Une cinquième clef fit jouer la serrure du cabinet. Louaisot, que l'impatience commençait à prendre, marcha droit au bureau du titulaire et introduisit la sixième clef dans la serrure d'un tiroir. Elle entra franc,—mais elle tourna sans rien rencontrer. Un juron gros comme toute la maison jaillit de la bouche de Louaisot. Ses deux bras tombèrent.

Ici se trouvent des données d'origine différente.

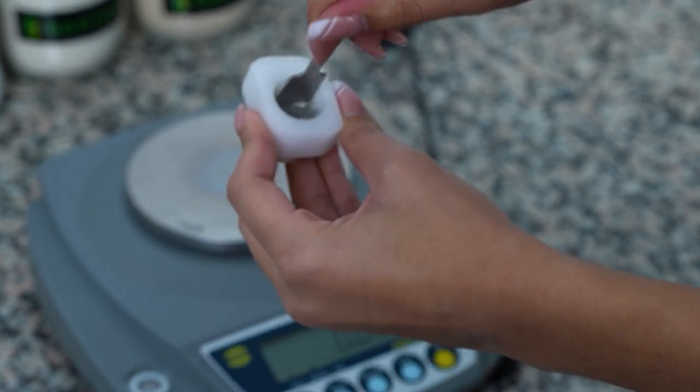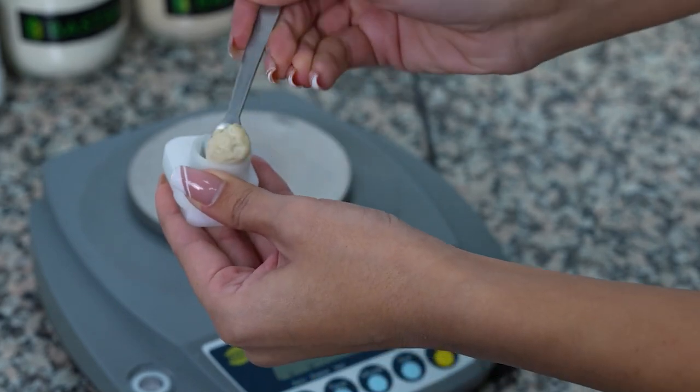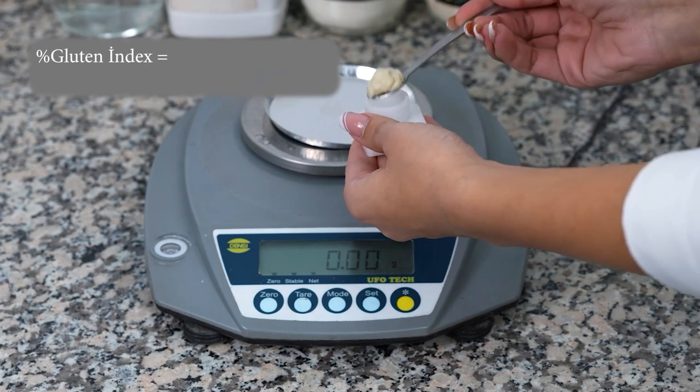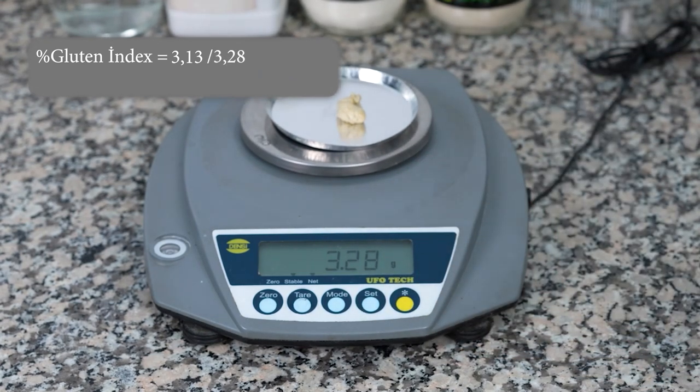The rotten gluten which passes to the back of the cartridge is scraped with the help of a spatula, separated from the sieve, and collected. Then, the intact gluten remaining on the front of the cartridge is scraped and collected, placed in the tared weighing container on a scale with 0.0 precision, and weighed; this value is recorded as the intact gluten amount. For the second pouch, the percent gluten index value is calculated by dividing the amount of intact gluten on the front of the index cartridge by the total wet gluten weight obtained by adding the amount of rotten gluten on the back side of the index cartridge, and multiplying by 100.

—Gredin de sort! s'écria-t-il avec un désespoir mêlé de rage: l'imbécile a changé la serrure! Ce n'était pourtant pas la plus grande preuve de sottise que pût donner ce Pouleux.
Si un regard flamboyant pouvait incendier un meuble en noyer, je jure que le bureau de Pouleux aurait pris feu. Mais les terribles lunettes eurent beau lancer des chandelles romaines, le bureau ne fuma même pas. Et ce puissant Louaisot restait là, jurant et geignant comme un simple apprenti.
Il avait bien une petite trousse, mais nous allons voir tout à l'heure que ce n'était point un nécessaire de serrurier. Le bon La Fontaine a montré dans ses fables le rat venant au secours du lion. Je ne me vante pas d'être un homme de génie comme le patron, mais je sais regarder autour de moi.
—Sous la pomme!... dis-je.
Je désignais en même temps du doigt une pomme de marbre qui avait servi de presse-papier à la dynastie des Louaisot de père en fils.
Les yeux du patron ne firent qu'effleurer la pomme. Il se précipita sur moi, il m'enleva dans ses bras et me serra sur son cœur.
Il y avait, en effet, sous le presse-papier et dissimulée par un fragment de lettre destiné à la protéger contre la poussière, une large enveloppe scellée de trois cachets: celui du centre aux armes de Chambray, ceux des côtés au timbre de l'étude.